EDGAR DEGAS (1834-1917)

Details
EDGAR DEGAS (1834-1917)

Eugénie Fiocre, étude pour Mlle Fiocre dans le ballet de 'La Source'
stamped with signature lower left 'Degas' (Lugt 658)--stamped on the reverse 'ATELIER ED. DEGAS' (Lugt 657)--pencil on paper laid down on board 17¾ x 11in. (45.1 x 28cm.)
Drawn circa 1867
Provenance
Atelier Degas, Fourth Sale, Galerie Georges Petit, Paris, July 2-4, 1919, lot 107b (illustrated)
Charles E. Slatkin Galleries, New York (acquired by David Daniels, 1958)
Literature
A. Dumas, Degas's 'Mlle. Fiocre' in Context, Brooklyn, 1988, p. 26 (illustrated)
Exhibited
New York, Charles E. Slatkin Galleries, Renoir--Degas, Nov.-Dec., 1958, no. 11 (illustrated, pl. VI)
New York, Wildenstein & Co., Inc., Degas, April-May, 1960, no. 80
Minneapolis, Institute of Arts, Drawings, Paintings and Sculpture from Three Private Collections, July-Aug., 1960, no. 17
Baltimore, Museum of Art, Paintings, Drawings and Graphic Works by Manet, Degas, Berthe Morisot and Mary Cassatt, April-June, 1962, no. 57
Minneapolis, Institute of Arts, Selections from the Drawings Collection of David Daniels, Feb.-April, 1968, no. 48 (illustrated). The exhibition traveled to Chicago, The Art Institute, May-June, 1968; Kansas City, Missouri, William Rockhill Nelson Gallery-Mary Atkins Museum, July-Sept., 1968; Cambridge, Harvard University, Fogg Art Museum, Oct.-Nov., 1968, and Waterville, Maine, Colby College, Art Museum, Jan.-Feb., 1969.
Manchester, Great Britain, University of Manchester, Whitworth Art Gallery, The Private Degas, Jan.-Feb., 1987, no. 32 (illustrated, p. 42, fig. 51). The exhibition traveled to Cambridge, Fitzwilliam Museum, March-May, 1987.

Lot Essay

The present drawing is a study for the figure of Eugénie Fiocre, the subject of Mlle Fiocre dans le ballet de 'La Source' (Lemoisne, vol. II, no. 146; coll. The Brooklyn Museum). A première danseuse with the Théatre Impérial de l'Opéra, Paris, Mlle Fiocre was twenty-one at the time she created the role of the cruel Georgian princess Nourreda in La Source, which opened on November 12, 1866. Ludwig Minkus and Léo Delibes provided the score; Arthur Saint-Léon choreographed the ballet, and with Charles Nuitter wrote the book.

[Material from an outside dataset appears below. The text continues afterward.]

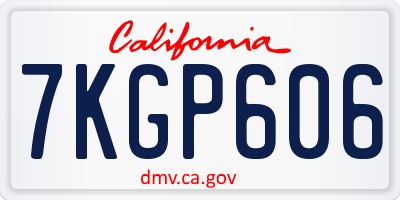 CA license plate 7KGP606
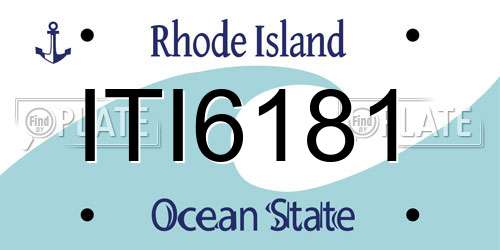 ITI6181 Rhode Island License Plate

Degas began work on the painting in the summer of 1867. He depicts the first scene of the ballet, in which Nourreda appears by a spring of water which flows from a mountainside. The sets were remarkable at that time because of the complex hydraulic apparatus which pumped water through the cardboard scenery. Although it has been long assumed that Degas portrays Mlle Fiocre's character in a brief moment of repose after her energetic entry dance, Ann Dumas (op. cit.) believes that Degas has actually captured a pause during a rehearsal. The present drawing is probably among the first of many studies and shows Mlle Fiocre clad in loose robes; Degas concentrates on her languorous expression. In later pastel and oil sketches Mlle Fiocre is shown in her full Georgian costume, although it is likely that Degas posed a studio model in her place.

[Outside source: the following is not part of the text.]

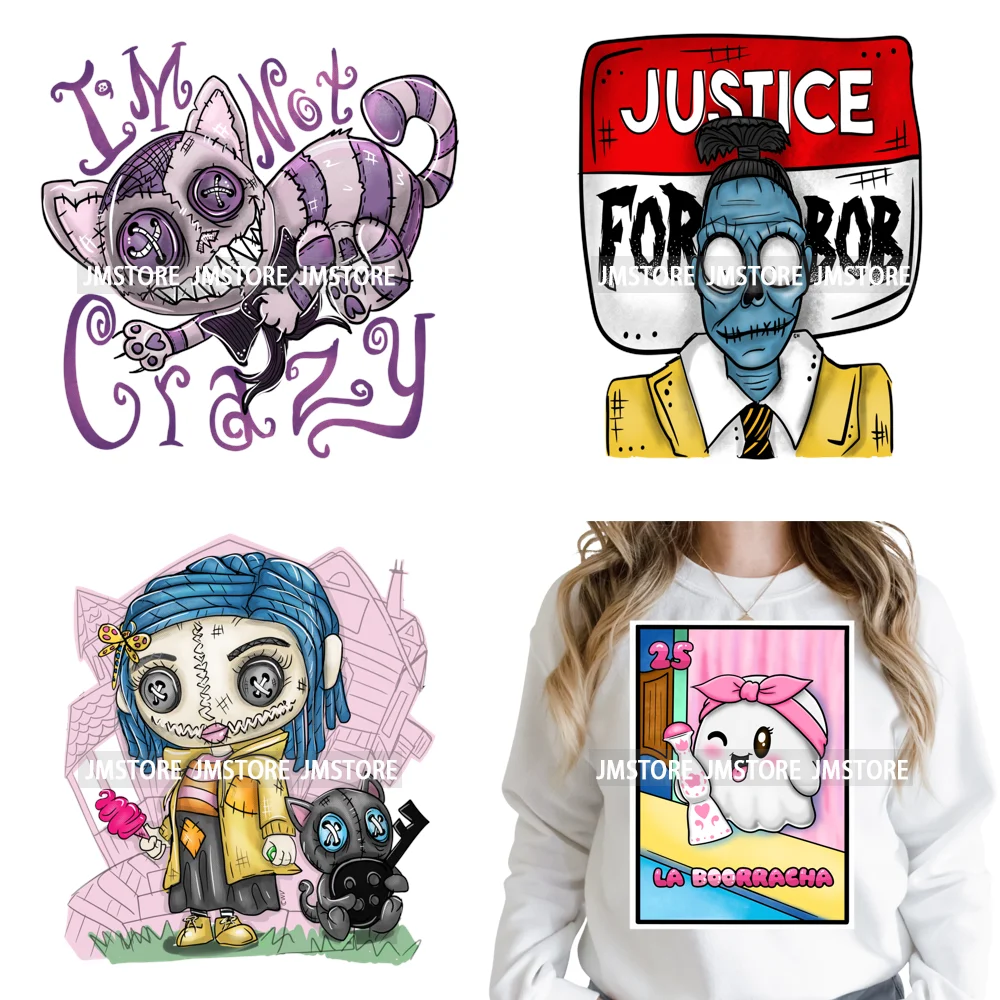 Spooky Scary Vibes Cartoon Halloween Ghost Designs Iron on DTF Washable Heat Transfers Stickers Ready to Press for Textile Bags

Mlle Fiocre dans le ballet de 'La Source' forms an important bridge between Degas's great history paintings of the 1860s and later works in which the stage is his primary subject. Degas draws on an earlier nineteenth century fascination with historic and Oriental subjects, as well as the Romantic interest in dramatic moments drawn from stage works, to create a complex, resonant composition which is spontaneous and casually observed, mixing artifice and realism to express a new, more modern sensibility. The painting was shown at the 1868 Salon under the title Portrait de Mlle Eugénie Fiocre à propos de la ballet 'La Source'.